The particular case of "Mandarin" has the added complication of existing usage of "zh"; the relevant issues are discussed above. In general, the more explicit tags "zh-cmn" or "cmn" are preferable when "Mandarin" is intended, though applications need to take the existing use of "zh" into consideration.

Wrt filtering, the extlang/no-extlang decision affects results. For filtering as spec'd in RFC 4647 in an extlang paradigm, a request for the macrolanguage will return any records tagged for the macrolanguage or any encompassed language. Since a request for "zh" is (at least currently) likely intended to be a request for Mandarin, the result set would include any records in other encompassed languages -- generally, probably low relevance, but also probably low frequency.
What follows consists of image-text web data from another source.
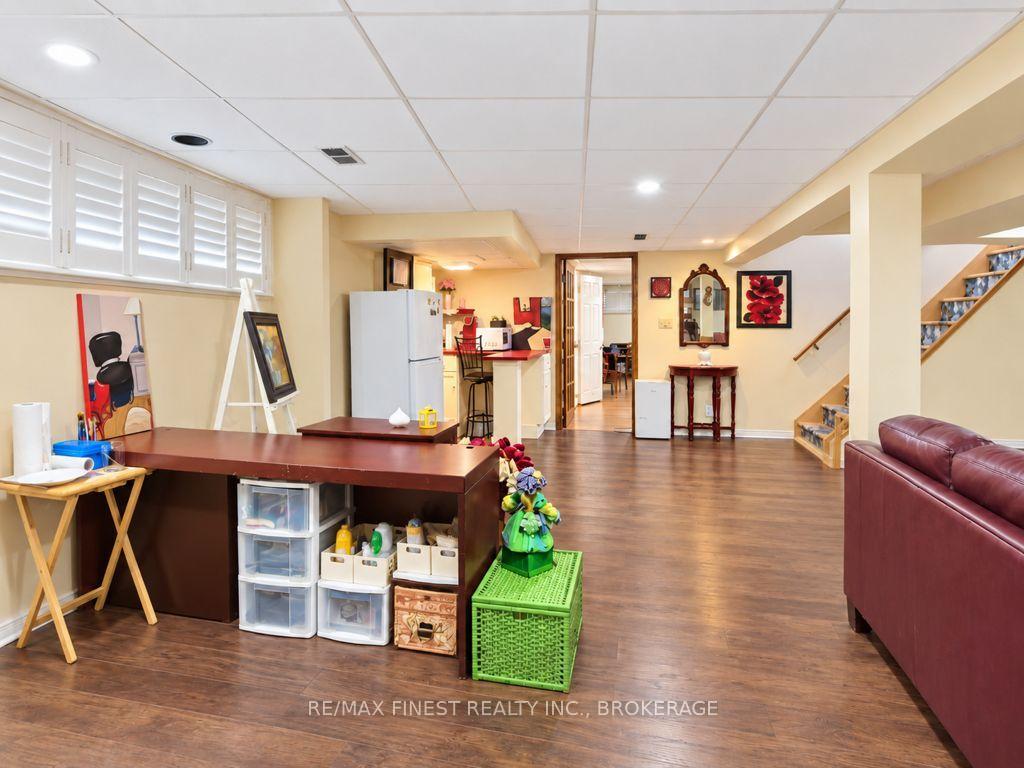 Photo 23 of 58 Princeton Place, Loyalist, Amherstview — HOMEH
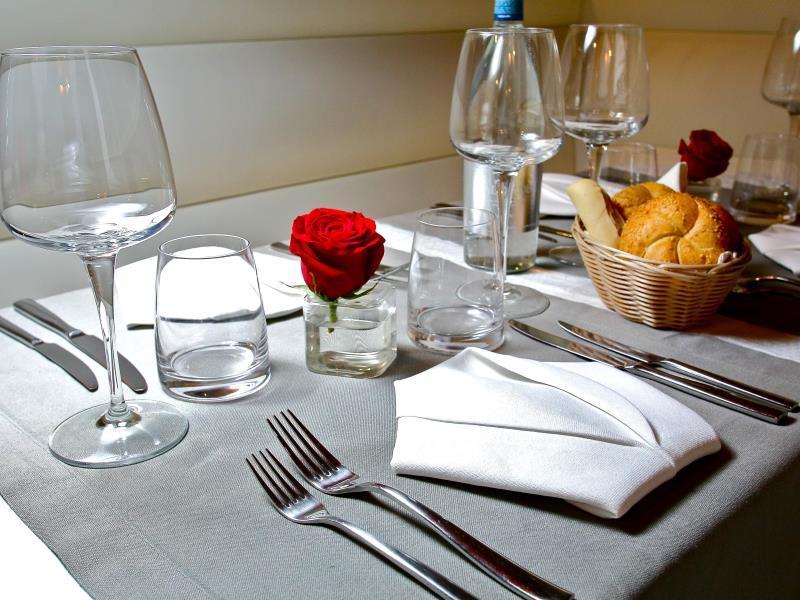 Style Hotel Milan Bagian luar foto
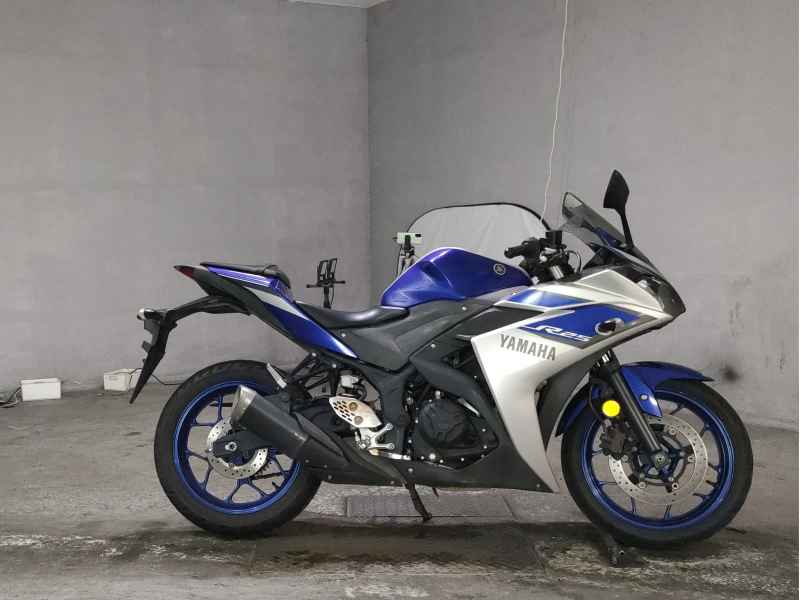 Yamaha YZF-R25 2015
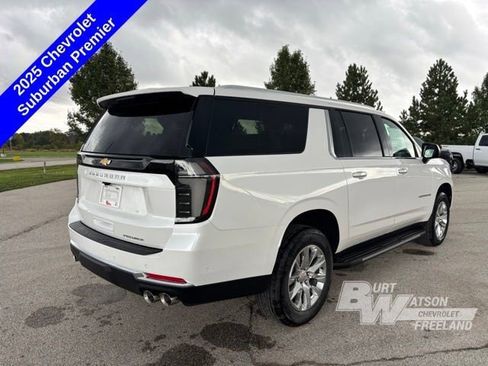 New 2025 Chevrolet Suburban Premier image 5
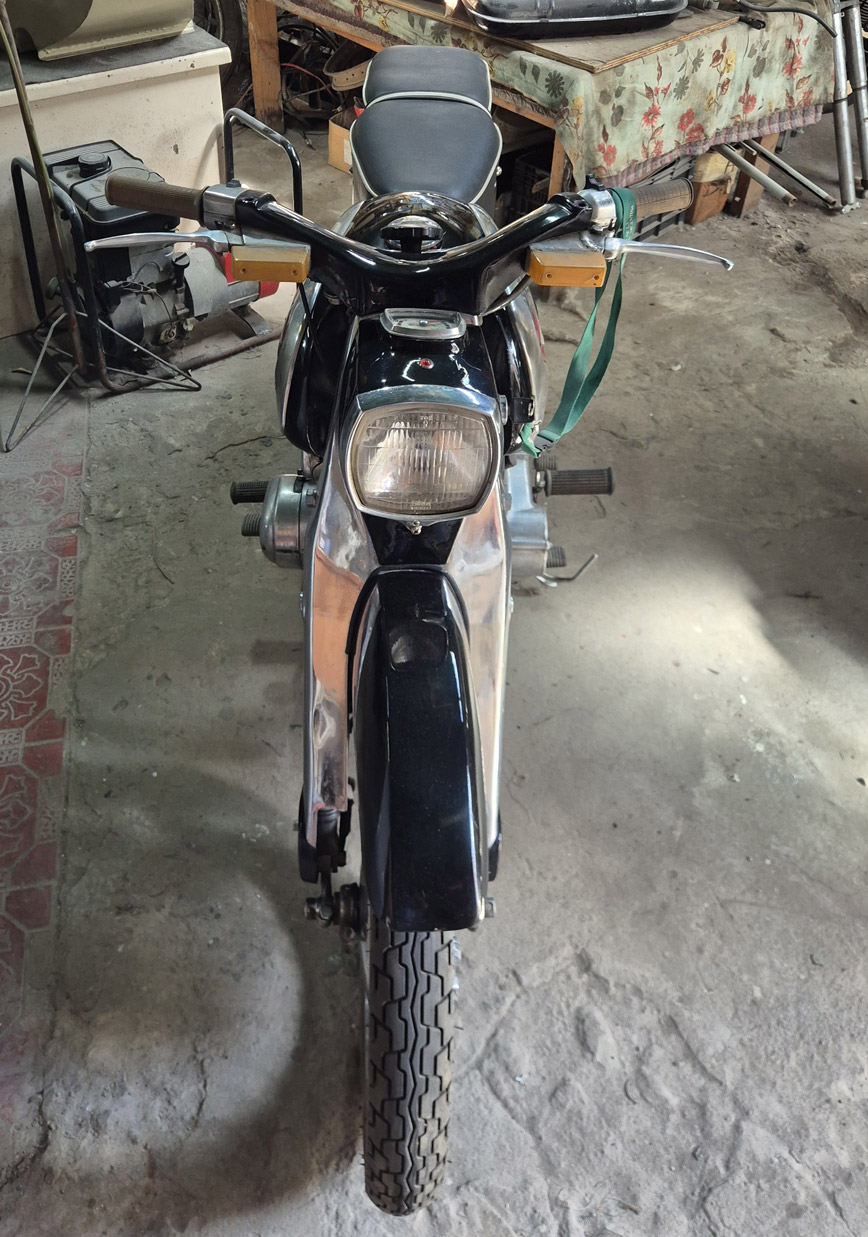 Honda Dream 300 - Foto 2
Reversing things, if "zh-cmn" is requested, it is probably appropriate to return records tagged "zh", though the currently-spec'd algorithm would not do that. (Records tagged "zh" also would not be returned if any other encompassed language is requested -- which is probably appropriate.) In a paradigm of no-extlang 4646bis, "zh" would not match for records tagged for any encompassed language by the currently-spec'd algorithm. The filtering algorithm would have to be modified or tailored to get a match between "zh" and "cmn".

Wrt lookup also, the extlang/no-extlang decision affects results. With extlang, a request for any encompassed language would match resources tagged "zh". This could potentially lead to missing preferred matches. Thus, suppose a user indicated a preference for "zh-yue" then "zh-gan", and after that "zh-cmn" or "zh"; and supposed the available resources included resources tagged "zh-gan" and "zh": the match would be on "zh", not "zh-gan". In a no-extlang 4646bis paradigm, none of the tags for encompassed languages match "zh". This would avoid the problem just described, but it also means that "cmn" would not match "zh" -- unless the algorithm were modified or tailored.

"Mandarin, Tdnl/Simp writing"/"Cantonese, Tdnl/Simp writing"/etc.

As above, the currently-available tags for Mandarin would remain available under all proposals: "zh-cmn-Hant" and "zh-cmn-Hans"; the no-extlang and mixed proposals would add "cmn-Hant" and "cmn-Hans". These categories are appropriate for text but not A/V scenarios. Of course, in text scenarios "zh-Hant"/"zh-Hans" have been used to represent these categories (due to the association between "zh" and Mandarin). Tags using "cmn" should be recommended in general, but applications need to take the legacy tags into consideration. Under the extlang and mixed proposals, a choice to recommend one of "zh-cmn-Han?" or "cmn-Han?" and to deprecate the other would be needed.

Some, but not all, of these comments apply to Cantonese, "zh-yue-Han?" and "yue-Han?". No tags were registered in the past, and so no issues with synonyms will arise: either "zh-yue-Han?" will become available, or "yue-Han?" will become available, but not both. (These comments apply for the other Chinese languages as well.)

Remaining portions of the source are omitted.